Panther Stairs via Robinson Creek March 9, 2013Posted by Jenny in bushwhacking, hiking, Smoky Mountains.
Tags: Mt. Cammerer, Panther Stairs, Rich Butt, Robinson Creek
I’d done this climb twice before, most recently a year ago going solo in somber, overcast conditions. My hiking buddy Chris suggested doing it again—the one time he’d gone there, it was completely socked in, so he wanted to experience the Panther Stairs in better conditions. Boy, did we ever hit it right this time!
For those of you not familiar with the Panther Stairs, the official name is Rich Butt, the westernmost of the steep ridge approaches to Cammerer, and one of the best for the lovely open rock approach. The name is sort of a takeoff on the Cat Stairs of Greenbrier Pinnacle.
Both times I’d gone before, I’d used the Toms Creek route, starting at Cosby Campground. Chris suggested hitting Rich Butt from the other side via Robinson Creek. I hadn’t realized that an old road makes for an easy approach from Cosby’s good old twisty Route 32. So between the “Official Mike Knies Shortcut” from the Hartford exit on I-40 and Chris’s memory of the Robinson Creek location, we had it made.
Chris somehow talked his friend Jim into coming along on this adventure. I’m surprised that Jim ever agreed to do another hike with Chris and me, after our trip through dense fog up Styx Branch last year. Jim must have forgotten the relevant details of that outing, so he let himself in for another typical Smokies off-trail experience ranging from greenbrier around the neck to slithering up and down over layers of slushy snow and vertical rock.
We found the old road without any problem, not far from where the Mike Knies Shortcut hits 32 on a combination of Lindsey Gap Road and Groundhog Road. (This is of no advantage for Tennessee hikers, but it is of great use for people traveling on I-40 from the Asheville direction.)
We hiked along the Robinson Creek roadway without any problem. It is similar to the lower Groundhog Ridge manway.
We crossed the Lower Cammerer Trail and followed the ridge that merges into Rich Butt around the 4200′ elevation point. Things were frosty up there.

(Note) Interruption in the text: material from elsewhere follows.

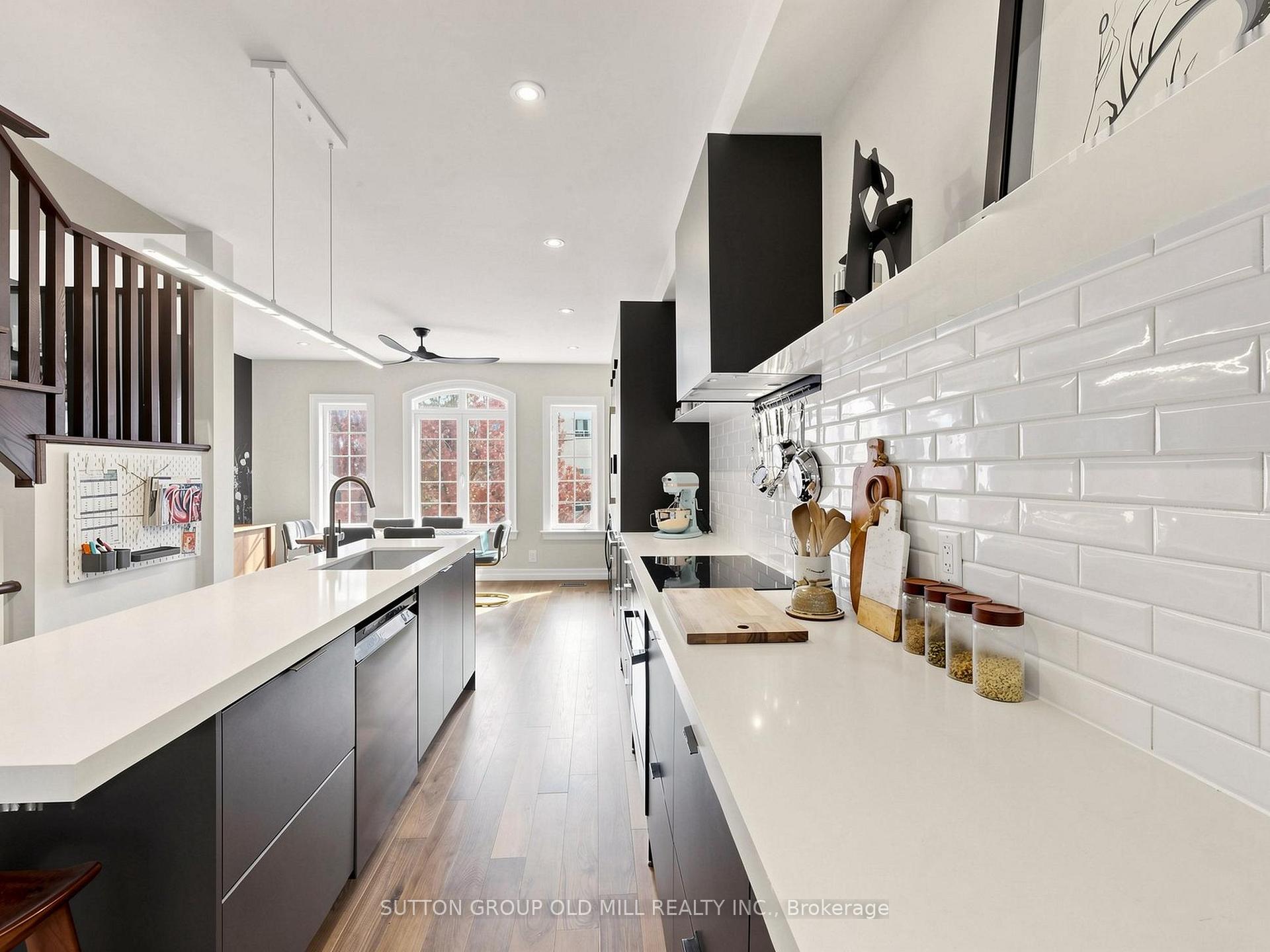 Photo 9 of 42 Bell Manor Drive, Etobicoke, Stonegate-Queensway — HOMEH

We got glimpses of nearby ridges touched with hoar frost. But with the warm temperatures, everything was rapidly melting.
We got up into the Realm of Frost ourselves.
We wrestled with an odd combination of snow and greenbrier vines, plus other gratuitous vegetation.
Our ridge merged onto Rich Butt (no turn signals necessary), and we pushed along the level stretch of the ridge.
We got up into the zone of the red spruce. This has become an odd preoccupation of mine, noticing where I encounter the lowest spruce, usually somewhere around 4500′. The thin, dense needles of the spruce make the perfect support for frost.
Finally we got up onto the steep rocky section—the Stairs.
As we climbed, we saw wonderful expanses opening up below. A jubilant experience!
In the photo below, if you look closely, you see Chris’s arm gripping the rock.
Here Chris appears to be downclimbing. I think it was when he was going back down to retrieve the hiking poles Jim had accidentally dropped.
We finally reached the Cammerer side trail, and there we had to make a decision. Would we go back to our starting point via trails (about 8 miles total), or would we go down the Groundhog Ridge Manway? We climbed to the tower.
And there we decided to go down Groundhog Ridge. You might wonder why we even hesitated about using this unmaintained trail, but Chris and I agree that it has become a real nuisance, a slippery muddy trough that’s been overused.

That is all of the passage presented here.